Soleimani Mohammad, Tabatabaei Seyed Ali, Mohammadi S Saeed, Valipour Niloufar, Mirzaei Arash
Ocular Trauma and Emergency Department, Eye Research Center, Farabi eye hospital, Tehran University of Medical Sciences, Tehran, Iran.
J Ophthalmic Inflamm Infect. 2020 Nov 27;10(1):35. doi: 10.1186/s12348-020-00227-x.
To report characteristics of microbial keratitis in pediatric patients under five years.
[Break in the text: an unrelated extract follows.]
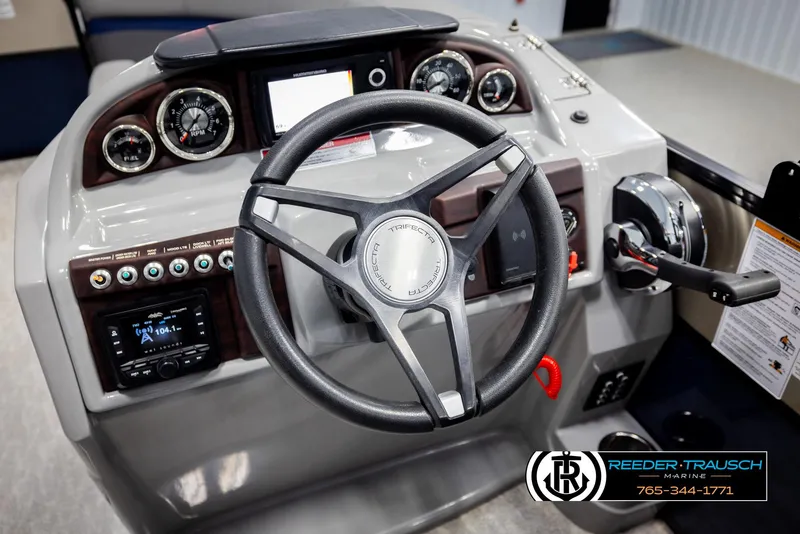 Slide: The Image of Steering console of 2021 Trifecta 22 CS boat with gauges and controls. - 26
Patients with infectious keratitis under the age of 5 years were included in this retrospective cross-sectional study for ten years. All patients were admitted and corneal scraping was performed in 81 children. Fortified empiric antibiotic eye drops including cefazolin (50 mg/cc) and amikacin (20 mg/cc) were started and the antibiotic regimen was continued or changed according to culture results. In the case of fungal keratitis, topical voriconazole (10 mg/cc) or natamycin (50 mg/cc) and topical chloramphenicol (5 mg/cc) were started. A tectonic procedure was done when corneal thinning or perforation was present.
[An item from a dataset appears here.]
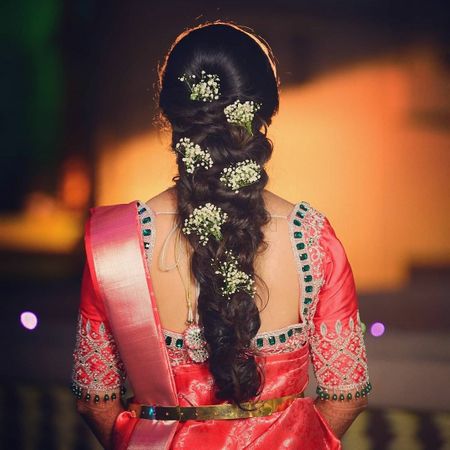 South Indian bridal braid pinned with baby's breaths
Ninety-Three Patients between 1 to 60 months with a mean age of 33 ± 18 months old with corneal ulcer were included in the study. The most common risk factor was trauma (40.9%) followed by contact lens use (8.6%). Cultures were negative for microbial growth in 28 (30.1%) patients. The most common pathogens were S. epidermidis (10.8%) and P. aeruginosa (10.8%). Fluoroquinolone antibiotics (ciprofloxacin; 93.8% sensitivity) were the most potent antibiotic against bacterial pathogens. Forty-one patients underwent tectonic procedures, which the most common ones were cyanoacrylate glue 18.3% followed by keratoplasty 16.1%.
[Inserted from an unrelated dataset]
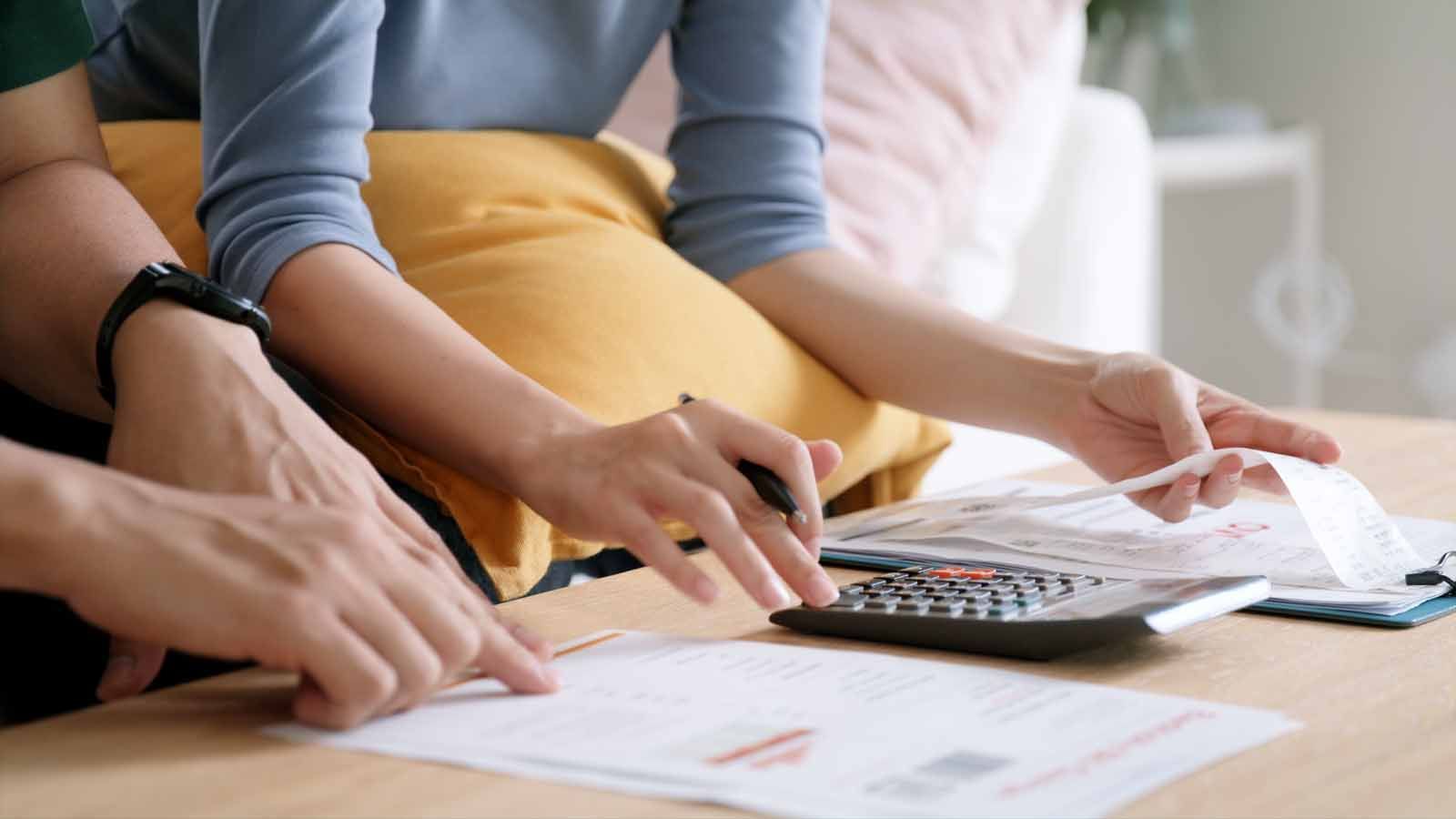 A man and a woman are sitting at a table using a calculator.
This study emphasizes the role of trauma as the primary cause and S. epidermidis as the most frequent microorganism in pediatric keratitis; according to antibiogram results and poor cooperation of patients under five years, monotherapy with fluoroquinolones could be a good regimen in small non-central lesions without thinning.
报告5岁以下儿童微生物性角膜炎的特征。
本回顾性横断面研究纳入了10年间5岁以下的感染性角膜炎患者。所有患者均入院治疗,81名儿童进行了角膜刮片检查。开始使用强化经验性抗生素滴眼液,包括头孢唑林(50mg/cc)和阿米卡星(20mg/cc),并根据培养结果继续或更改抗生素治疗方案。对于真菌性角膜炎,开始局部使用伏立康唑(10mg/cc)或那他霉素(50mg/cc)以及局部使用氯霉素(5mg/cc)。当出现角膜变薄或穿孔时,进行结构性手术。
本研究纳入了93例年龄在1至60个月、平均年龄为33±18个月的角膜溃疡患者。最常见的危险因素是外伤(40.9%),其次是佩戴隐形眼镜(8.6%)。28例(30.1%)患者的培养结果显示微生物生长阴性。最常见的病原体是表皮葡萄球菌(10.8%)和铜绿假单胞菌(10.8%)。氟喹诺酮类抗生素(环丙沙星;敏感性为93.8%)是对抗细菌病原体最有效的抗生素。41例患者接受了结构性手术,最常见的是氰基丙烯酸酯胶水封堵术(18.3%),其次是角膜移植术(16.1%)。
本研究强调了外伤作为小儿角膜炎主要病因的作用,以及表皮葡萄球菌作为最常见微生物的地位;根据药敏试验结果以及5岁以下患者配合度差的情况,对于无变薄的小面积非中央性病变,氟喹诺酮类药物单药治疗可能是一种不错的治疗方案。